Liftoff from Baikonur is scheduled for Thursday morning (9:30 p.m. ET Wednesday). The mission will include experiments designed to see how humans react to prolonged space travel.
"We can return to the moon and ultimately to Mars," Kirk Shireman, NASA's deputy manager for the space station, said as he described how the knowledge gleaned from the experiments would be used.
The American space program has largely depended on Russian Soyuz and Progress craft to ferry its astronauts and supplies to the orbiting space station since the 2003 Columbia disaster grounded the U.S. shuttle fleet. Though the shuttle Discovery visited the station on a test mission in July, troubles with foam insulation on its external fuel tank have cast doubt on when the shuttle will fly again.
Shireman said the United States would continue to rely on Soyuz to make its twice-yearly missions to the space station, despite a shuttle flight scheduled for July.

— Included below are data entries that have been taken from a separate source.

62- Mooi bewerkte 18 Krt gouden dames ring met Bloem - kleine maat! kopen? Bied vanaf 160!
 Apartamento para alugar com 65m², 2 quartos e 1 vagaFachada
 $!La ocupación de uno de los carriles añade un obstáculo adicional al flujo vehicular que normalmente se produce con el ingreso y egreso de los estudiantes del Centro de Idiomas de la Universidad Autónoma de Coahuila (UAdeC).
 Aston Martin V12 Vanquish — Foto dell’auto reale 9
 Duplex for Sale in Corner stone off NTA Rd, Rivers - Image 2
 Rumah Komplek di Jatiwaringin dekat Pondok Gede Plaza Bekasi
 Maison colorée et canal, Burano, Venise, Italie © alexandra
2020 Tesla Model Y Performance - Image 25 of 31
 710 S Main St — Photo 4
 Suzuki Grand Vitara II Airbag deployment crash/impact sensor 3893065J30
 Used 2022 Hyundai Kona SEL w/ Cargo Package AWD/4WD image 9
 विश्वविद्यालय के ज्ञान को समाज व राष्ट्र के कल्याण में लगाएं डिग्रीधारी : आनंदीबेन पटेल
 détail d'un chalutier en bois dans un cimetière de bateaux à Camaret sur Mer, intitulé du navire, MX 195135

‘World Cup final’ for Brazil
During a pre-launch news conference Wednesday, Pontes told reporters that he planned to take his national soccer team’s shirt into space, to bring the players luck in this June’s World Cup.
Pontes is due to spend 10 days in space, traveling up to the station with Vinogradov and Williams — then coming back down with the crew they are replacing, American Bill McArthur and Russian Valery Tokarev, who have been in orbit for six months.
"It’s like the World Cup final and Brazil is playing," Pontes’ doctor, Luiz Claudio Lutiis Silveira Martins, said on the steps of "Area 17," the building where cosmonauts stay before their launch. "This is a historical moment for Brazil."
Pontes said he would also take the Brazilian flag with him, along with some items to commemorate the first flight 100 years ago of countryman Alberto Santos-Dumont, seen in Brazil as the father of aviation.
"About being the first Brazilian: It’s a very good feeling, but a great responsibility also,” he said, adding he was conscious that he would become a role model.
Pontes spoke to reporters with Williams and Vinogradov from behind a glass wall to protect them from germs ahead of their launch. He had dreamed since childhood of becoming an astronaut and joined the NASA training program in the late 1990s.
He had been scheduled to fly aboard a NASA space shuttle in 2001, but the flight was postponed for financial reasons. After the Columbia tragedy, Pontes' mission was put off indefinitely.
"I want to thank the Brazilian Air Force ... who taught me how to pursue an objective. If someone gives you a mission, you go until the end, independently of problems that you have," he said. "Persistence is the word I’d like people to remember."
This report includes information from The Associated Press and Reuters.